O pequenino saltou da cadeira e foi em direção a um enorme barril rebolando. Engraçado como ele anda, fazendo força para mover seus pés e levantando-os enquanto enche dois canecos com cerveja preta que até derrama e mela sua mão.

–Se quiser uma mulher para esquentar sua cama enquanto espera.

–Não quero uma mulher.

–Prefere um homem?

–Não quero um homem.

–Então o que quer? Uma espada para espetar essa sua bunda queimada do calor?

–Quero ir embora o mais rápido possível. –E virou o caneco. –Nada como uma boa cerveja. Vou para meu quarto.

–Vai lá! –Disse o anão levantando seu caneco em saudação e virando, deixando derramar em suas roupas simplórias.

Por que este anão insistia em arranjar alguém com quem ele possa se deitar? Se quisesse se deitar com alguém, já o teria feito. Estirou-se na cama, com o corpo doído, e virou observando o teto sujo, onde uma barata correu em alguma direção.

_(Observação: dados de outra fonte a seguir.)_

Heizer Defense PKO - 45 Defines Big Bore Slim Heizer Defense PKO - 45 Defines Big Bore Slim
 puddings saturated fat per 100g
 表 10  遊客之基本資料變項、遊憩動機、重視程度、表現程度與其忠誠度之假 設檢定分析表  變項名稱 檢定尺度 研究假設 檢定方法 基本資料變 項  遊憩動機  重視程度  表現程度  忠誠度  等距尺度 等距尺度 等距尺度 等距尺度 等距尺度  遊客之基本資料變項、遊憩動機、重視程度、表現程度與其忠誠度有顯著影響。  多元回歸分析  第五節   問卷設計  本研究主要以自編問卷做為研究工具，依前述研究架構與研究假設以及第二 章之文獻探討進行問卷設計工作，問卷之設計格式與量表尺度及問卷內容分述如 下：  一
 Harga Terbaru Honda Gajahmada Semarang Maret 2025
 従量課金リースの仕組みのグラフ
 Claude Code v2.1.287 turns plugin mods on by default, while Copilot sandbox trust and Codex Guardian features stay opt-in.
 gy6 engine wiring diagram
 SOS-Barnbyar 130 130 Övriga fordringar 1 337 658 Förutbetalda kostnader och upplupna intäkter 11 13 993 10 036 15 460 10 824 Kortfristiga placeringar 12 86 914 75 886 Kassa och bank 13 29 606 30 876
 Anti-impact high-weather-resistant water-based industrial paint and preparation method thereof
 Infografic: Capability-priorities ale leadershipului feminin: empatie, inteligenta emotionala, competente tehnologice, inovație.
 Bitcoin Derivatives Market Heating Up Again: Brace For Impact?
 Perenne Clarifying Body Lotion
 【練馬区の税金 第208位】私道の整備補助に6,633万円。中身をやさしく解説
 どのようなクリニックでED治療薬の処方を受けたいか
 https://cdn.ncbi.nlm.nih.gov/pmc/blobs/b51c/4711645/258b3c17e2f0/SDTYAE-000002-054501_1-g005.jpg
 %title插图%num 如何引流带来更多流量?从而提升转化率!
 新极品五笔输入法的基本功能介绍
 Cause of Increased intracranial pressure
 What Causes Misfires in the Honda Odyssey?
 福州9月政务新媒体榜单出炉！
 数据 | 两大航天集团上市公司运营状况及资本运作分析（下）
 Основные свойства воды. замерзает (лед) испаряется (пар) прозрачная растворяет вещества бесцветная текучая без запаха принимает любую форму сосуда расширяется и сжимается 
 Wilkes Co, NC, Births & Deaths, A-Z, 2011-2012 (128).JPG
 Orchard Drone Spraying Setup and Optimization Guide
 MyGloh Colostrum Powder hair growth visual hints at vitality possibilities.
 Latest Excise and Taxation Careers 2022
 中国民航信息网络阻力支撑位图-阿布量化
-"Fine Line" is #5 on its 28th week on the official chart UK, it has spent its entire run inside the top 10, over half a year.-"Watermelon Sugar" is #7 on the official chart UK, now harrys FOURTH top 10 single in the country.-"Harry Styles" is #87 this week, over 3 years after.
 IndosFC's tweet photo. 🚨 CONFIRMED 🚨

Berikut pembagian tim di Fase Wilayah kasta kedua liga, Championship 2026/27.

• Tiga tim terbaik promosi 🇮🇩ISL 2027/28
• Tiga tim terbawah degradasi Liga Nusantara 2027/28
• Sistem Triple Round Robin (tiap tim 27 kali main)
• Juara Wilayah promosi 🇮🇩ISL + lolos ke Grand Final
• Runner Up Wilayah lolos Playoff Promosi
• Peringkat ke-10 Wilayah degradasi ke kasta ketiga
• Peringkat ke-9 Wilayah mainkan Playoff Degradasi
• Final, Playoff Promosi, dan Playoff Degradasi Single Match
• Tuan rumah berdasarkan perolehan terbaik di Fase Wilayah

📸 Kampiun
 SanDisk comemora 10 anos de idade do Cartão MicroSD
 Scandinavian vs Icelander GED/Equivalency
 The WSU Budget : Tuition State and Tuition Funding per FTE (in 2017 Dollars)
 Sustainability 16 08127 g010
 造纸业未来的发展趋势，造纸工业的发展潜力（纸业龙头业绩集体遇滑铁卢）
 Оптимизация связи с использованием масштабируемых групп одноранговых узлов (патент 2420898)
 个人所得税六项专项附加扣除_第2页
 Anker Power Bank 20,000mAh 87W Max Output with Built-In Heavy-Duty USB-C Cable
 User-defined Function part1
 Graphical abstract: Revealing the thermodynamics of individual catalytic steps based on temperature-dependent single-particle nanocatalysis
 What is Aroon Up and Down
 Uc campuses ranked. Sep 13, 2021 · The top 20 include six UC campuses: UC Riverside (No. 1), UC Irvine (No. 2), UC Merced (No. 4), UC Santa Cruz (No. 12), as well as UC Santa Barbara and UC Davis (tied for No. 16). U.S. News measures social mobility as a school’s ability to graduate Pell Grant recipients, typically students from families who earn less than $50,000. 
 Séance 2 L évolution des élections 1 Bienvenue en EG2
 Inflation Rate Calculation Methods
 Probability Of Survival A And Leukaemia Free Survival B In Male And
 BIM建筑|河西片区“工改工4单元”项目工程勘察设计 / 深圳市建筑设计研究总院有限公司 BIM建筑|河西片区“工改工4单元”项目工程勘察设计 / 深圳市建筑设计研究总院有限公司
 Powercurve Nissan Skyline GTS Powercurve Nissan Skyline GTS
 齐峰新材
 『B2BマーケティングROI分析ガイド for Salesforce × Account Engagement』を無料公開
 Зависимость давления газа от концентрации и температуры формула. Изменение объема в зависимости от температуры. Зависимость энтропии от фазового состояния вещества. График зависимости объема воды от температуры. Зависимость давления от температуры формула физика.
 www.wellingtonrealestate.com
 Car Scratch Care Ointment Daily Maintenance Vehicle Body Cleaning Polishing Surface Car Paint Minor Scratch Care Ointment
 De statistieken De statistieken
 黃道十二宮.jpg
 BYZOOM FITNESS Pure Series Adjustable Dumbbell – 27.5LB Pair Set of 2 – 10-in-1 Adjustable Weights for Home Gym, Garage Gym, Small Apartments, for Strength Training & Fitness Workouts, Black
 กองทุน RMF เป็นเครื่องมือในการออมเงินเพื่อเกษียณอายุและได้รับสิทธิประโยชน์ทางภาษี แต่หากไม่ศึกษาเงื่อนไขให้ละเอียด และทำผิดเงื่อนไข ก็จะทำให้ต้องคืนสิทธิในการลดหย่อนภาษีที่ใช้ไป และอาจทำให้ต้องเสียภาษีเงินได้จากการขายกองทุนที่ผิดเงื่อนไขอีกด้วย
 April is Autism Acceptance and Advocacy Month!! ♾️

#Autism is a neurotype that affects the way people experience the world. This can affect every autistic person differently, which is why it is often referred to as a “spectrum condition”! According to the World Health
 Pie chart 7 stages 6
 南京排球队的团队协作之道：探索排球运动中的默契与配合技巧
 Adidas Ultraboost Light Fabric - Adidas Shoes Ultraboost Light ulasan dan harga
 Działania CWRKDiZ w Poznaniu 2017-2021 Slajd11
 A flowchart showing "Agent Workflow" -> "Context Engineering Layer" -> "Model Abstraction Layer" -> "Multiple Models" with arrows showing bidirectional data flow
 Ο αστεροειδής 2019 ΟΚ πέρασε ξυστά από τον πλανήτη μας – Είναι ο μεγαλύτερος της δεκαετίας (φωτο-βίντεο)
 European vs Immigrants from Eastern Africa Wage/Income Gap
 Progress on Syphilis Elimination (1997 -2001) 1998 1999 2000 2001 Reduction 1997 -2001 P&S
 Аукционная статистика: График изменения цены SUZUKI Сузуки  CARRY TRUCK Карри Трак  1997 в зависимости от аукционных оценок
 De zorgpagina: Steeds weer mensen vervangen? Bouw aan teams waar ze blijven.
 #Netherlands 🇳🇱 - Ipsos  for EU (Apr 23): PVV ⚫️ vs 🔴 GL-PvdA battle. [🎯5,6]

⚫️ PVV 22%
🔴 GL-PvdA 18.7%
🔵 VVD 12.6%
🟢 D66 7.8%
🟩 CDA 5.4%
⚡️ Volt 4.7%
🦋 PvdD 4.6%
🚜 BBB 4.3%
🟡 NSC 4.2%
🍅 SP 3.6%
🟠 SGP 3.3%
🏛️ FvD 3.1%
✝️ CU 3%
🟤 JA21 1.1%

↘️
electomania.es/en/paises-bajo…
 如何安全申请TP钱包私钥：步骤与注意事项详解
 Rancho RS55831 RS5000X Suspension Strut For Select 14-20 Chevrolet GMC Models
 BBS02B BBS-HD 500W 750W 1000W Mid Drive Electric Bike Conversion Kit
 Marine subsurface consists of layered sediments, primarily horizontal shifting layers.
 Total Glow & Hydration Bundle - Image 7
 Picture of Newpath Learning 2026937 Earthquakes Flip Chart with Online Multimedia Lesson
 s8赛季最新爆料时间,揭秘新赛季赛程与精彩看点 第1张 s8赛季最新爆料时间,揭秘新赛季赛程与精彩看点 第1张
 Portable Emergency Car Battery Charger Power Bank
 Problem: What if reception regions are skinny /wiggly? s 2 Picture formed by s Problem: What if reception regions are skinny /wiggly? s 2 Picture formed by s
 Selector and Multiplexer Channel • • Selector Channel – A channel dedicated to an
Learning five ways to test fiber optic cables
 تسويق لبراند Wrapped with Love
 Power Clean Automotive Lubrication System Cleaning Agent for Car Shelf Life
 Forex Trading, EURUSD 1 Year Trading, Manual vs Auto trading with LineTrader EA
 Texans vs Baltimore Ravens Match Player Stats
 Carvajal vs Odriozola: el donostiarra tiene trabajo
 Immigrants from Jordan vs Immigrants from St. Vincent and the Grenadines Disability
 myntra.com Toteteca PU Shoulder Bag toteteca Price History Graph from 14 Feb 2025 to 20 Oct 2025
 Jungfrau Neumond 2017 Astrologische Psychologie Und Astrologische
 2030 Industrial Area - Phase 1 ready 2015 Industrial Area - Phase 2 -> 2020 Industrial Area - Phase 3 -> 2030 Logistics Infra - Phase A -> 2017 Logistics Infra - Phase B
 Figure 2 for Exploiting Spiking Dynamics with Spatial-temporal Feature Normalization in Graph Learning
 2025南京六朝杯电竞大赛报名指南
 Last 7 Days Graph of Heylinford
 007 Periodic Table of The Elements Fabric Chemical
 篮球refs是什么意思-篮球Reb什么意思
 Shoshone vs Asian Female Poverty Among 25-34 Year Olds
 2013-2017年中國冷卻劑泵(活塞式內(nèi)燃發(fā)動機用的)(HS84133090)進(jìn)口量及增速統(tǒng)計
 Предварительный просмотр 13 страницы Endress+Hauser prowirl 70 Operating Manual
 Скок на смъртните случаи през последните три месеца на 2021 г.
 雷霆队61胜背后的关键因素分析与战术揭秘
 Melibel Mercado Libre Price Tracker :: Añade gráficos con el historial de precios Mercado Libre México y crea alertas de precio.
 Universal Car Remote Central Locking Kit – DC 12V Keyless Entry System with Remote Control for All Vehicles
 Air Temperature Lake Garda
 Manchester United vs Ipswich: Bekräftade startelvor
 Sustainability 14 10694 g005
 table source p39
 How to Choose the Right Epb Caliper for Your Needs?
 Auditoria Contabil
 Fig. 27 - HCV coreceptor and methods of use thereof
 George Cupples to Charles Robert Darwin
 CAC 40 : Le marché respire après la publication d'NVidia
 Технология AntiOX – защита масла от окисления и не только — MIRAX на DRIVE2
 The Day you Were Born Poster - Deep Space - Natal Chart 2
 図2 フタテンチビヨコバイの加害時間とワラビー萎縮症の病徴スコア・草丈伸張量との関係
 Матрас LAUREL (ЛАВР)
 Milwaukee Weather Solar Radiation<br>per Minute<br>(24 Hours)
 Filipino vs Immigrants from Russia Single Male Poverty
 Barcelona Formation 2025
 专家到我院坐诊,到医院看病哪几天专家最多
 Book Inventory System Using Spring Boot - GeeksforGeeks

A luz da lamparina já queimava fraca e suas pálpebras estavam tão cansadas que logo dormiria sem perceber.

Quando é que percebemos que dormimos? Só quando acordamos.

O sol ardeu em seus olhos, o pequeno Lorde estava parado em frente a sua cama.

–Se apronte, já vamos partir.

–Achei que ninguém poderia entrar no meu quarto.

–Não sou mais dono da estalagem. Anda, se apronte. Senão, acabo vendendo até você.

O cavaleiro se levantou, se trocou e desceu. Comeu alguma coisa, algo que chamam de guisado, e montou em seu cavalo, mas sem a cota de malha, ou o tecido cobrindo este. Somente uma sela.

–Você vai a pé?

–Ah não. Com certeza não.

O barulho de cascos pôde ser ouvido e a de uma ponta de couro estalando no ar, logo um belo garanhão vermelho estava ao seu lado com um cavaleiro e uma carroça.

–Este é o Gandril. Ele me levará até meu navio e partiremos com ele. Ele não é de falar muito, afinal, perdeu a língua.

Então, tomaram viagem, passaram por caminhos tortuosos e por vales de gramíneas semimortas com rios quase secos. Não havia nenhum animal por ali. Continuaram a viagem e encontraram um grande rio.

–Este é chamado de Água-Viva. Os antigos acreditam que, quando nossas terras estão em perigo, um deus da água se manifesta e ajuda a proteger a aldeia e a região. O rio tem mais de vinte metros de largura.

Passaram por uma ponte de pedras, sobre o Água-Viva, e seguiram viagem. Ao anoitecer, levantaram acampamento próximo a um vilarejo. Dormiram, e quando acordaram, o cavaleiro do pequeno Lorde estava assando peixes.

–Até que ele tem certa utilidade. –Disse o anão.

Retomaram a viagem, uma viagem curta, de fato, mas chegaram ao porto e viram três navios com seus nomes em tintas brancas: Pequeno Estaleiro, Jovem Estripador e Rainha das Putas.